Basically you have several sound sensors along a pipe which record the sound wave. If a leak appears then you get a peak in the autocorrelation function. Then you perform a  'triangulation' from two or more sound sensors and you can locate the leak pretty accurately. Anyway, my task was mostly to help a PHD student with transposing her algorithms into Matlab.
We have succeeded doing this with air but as soon as we switched to water I could not use any kind of windowing and/or transformation to get relevant peaks. At some point I just hunted blindly for some Matlab functions that would give me a relevant peak somewhere that would correlate with the distance to the leak, but failed.
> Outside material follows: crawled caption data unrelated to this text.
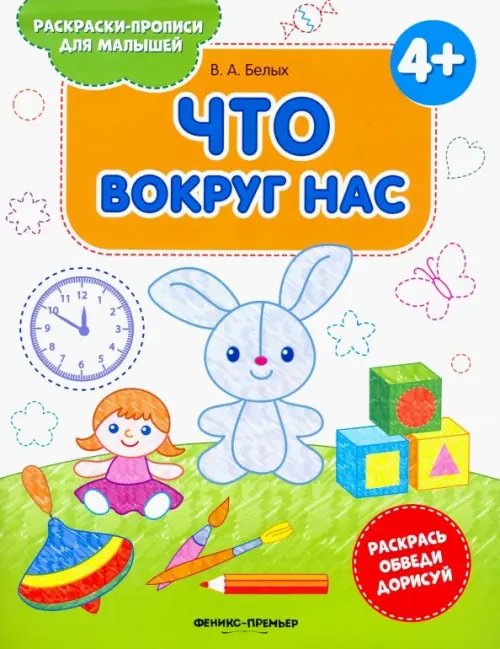 Раскраски-прописи для малышей Что вокруг нас 4+. Книжка-раскраска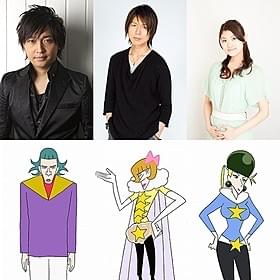 (左から)「クレしん」最新作に出演する中村、神谷、早見「映画クレヨンしんちゃん バカうまっ!B級グルメサバイバル!!」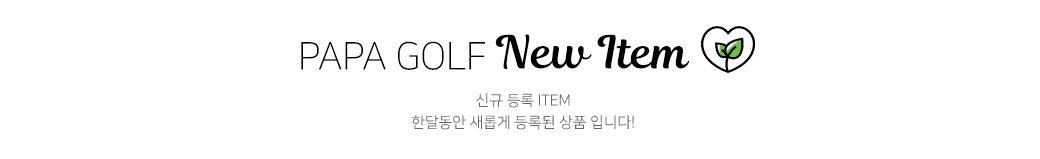 파파몰 배너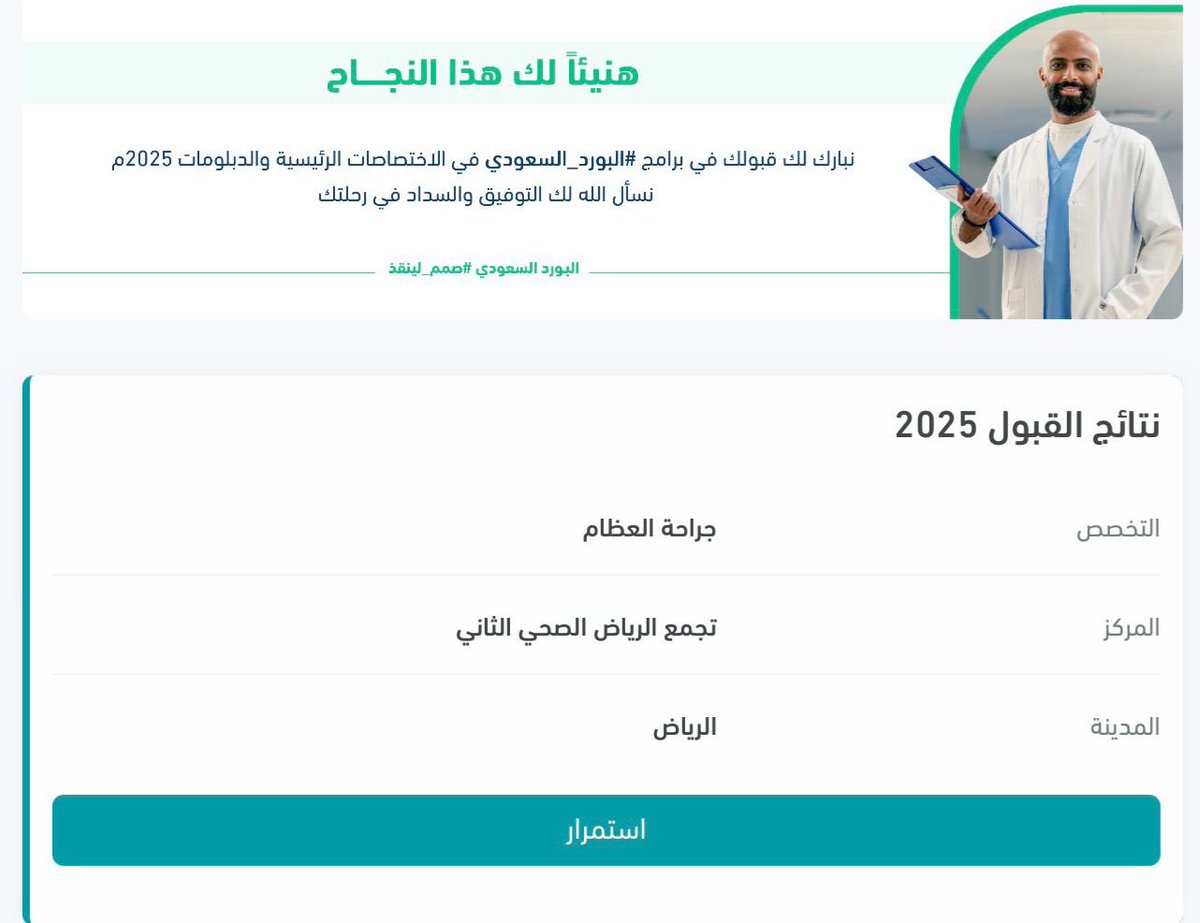 اللهم لك الحمد والشكر 

 تم قبولي في الدراسات العليا والبورد السعودي  في سنتر الاحلام وتخصص الاحلام جراحه عظام في مدينه الملك فهد الطبيه بالرياض ❤️

Orthopedic surgery in Riyadh 🔥😍
#matching2025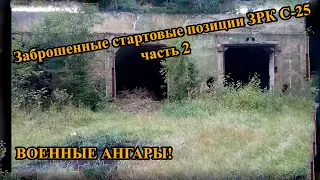 Заброшенные стартовые позиции ЗРК С-25, ч.2, ВОЕННЫЙ АНГАР!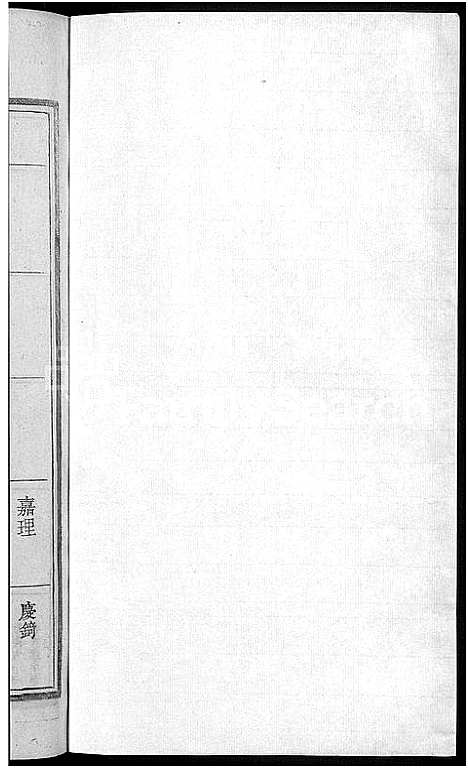 [下载][歙南洪川洪氏宗谱_6卷首末各1卷_洪氏宗谱_洪川洪氏续修宗谱_洪川洪氏宗谱]安徽.歙南洪川洪氏家谱_六.pdf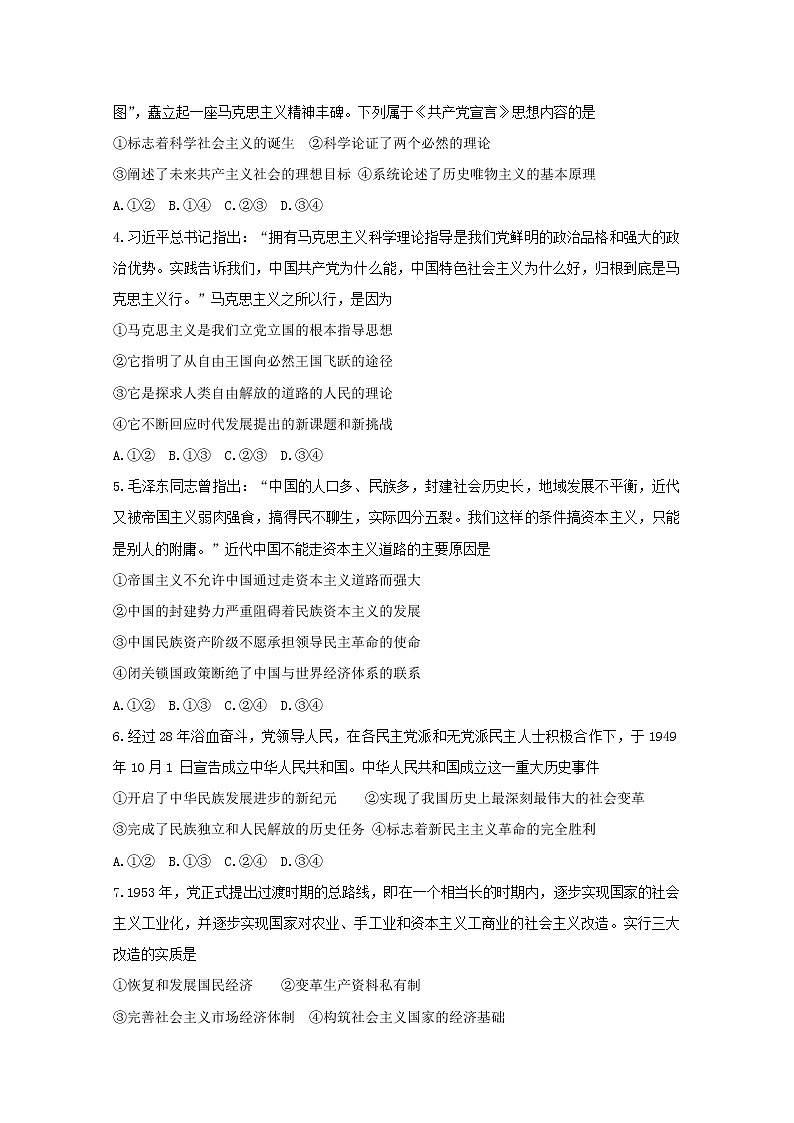 辽宁省名校联盟2022-2023学年高三上学期9月联合考试政治(Word版附解析)第2页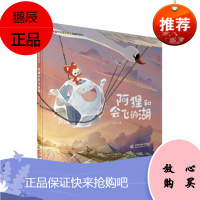 正版书籍 阿狸和会飞的湖徐翰儿童童书绘本阿狸绘本我的身边有一个朋友叫小湖他救了世界世界也救了他科普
I cannot to this day understand why we were not able to succeed, though I do assume that is has to do with water's turbulence. The setup was a running tap routed through metal pipes (about 10cm diameter), with about 5 very sensitive sound sensors (going to about 100kHz) placed about 3 meters apart and some taps along the way that simulate leaks. Everything was placed in a phonic-insulated basement, signals were truncated taken to stabilize against footsteps/vibrations so measurements were pretty good.
The multiple question is: what could have been done to achieve the goal or at least get closer to it? Is it really achievable (probably not in real life where you have trucks running above)?
Some variables that could influence but for which I lack the knowledge to explain: pipe diameter, water debit rate, tap/leak rate and diameter, choice of liquid, pipe material, sound spectrum and possible frequency filtering.
 A: Did you see the experimental setup? 
I believe that a leak in a gas pipeline generally makes a whistling sound whereas leaking liquid will be very quiet. Without sound, the autocorrelation approach doesn't make sense.
To find the leak in a pipeline for liquids,
one could use a marker to find the leak (e.g. add some color). Or one could seal segments of the pipe using inflatable pistons and measure the flow through them. When less flows out than you pump in, you have a leak in the segment.
A: Without being able to see the data, I can only suggest two things that worked for me in a project about turbulence in water.  The first is, if turbulence is a significant factor, it will show up in the auto-correlation function as violent oscillations getting worse and worse in the graph, basically exceeding the accuracy of the software to calculate it after a certain point.  If you did not see that in the autocorrelation function, then turbulnece was not your problem.  
To deal with it, we just pre-whitened the data and this got rid of that noise so we could detect the relevant peaks, up to a point and within a certain range (high enough it still got out of control, but the pre-whitening improved it).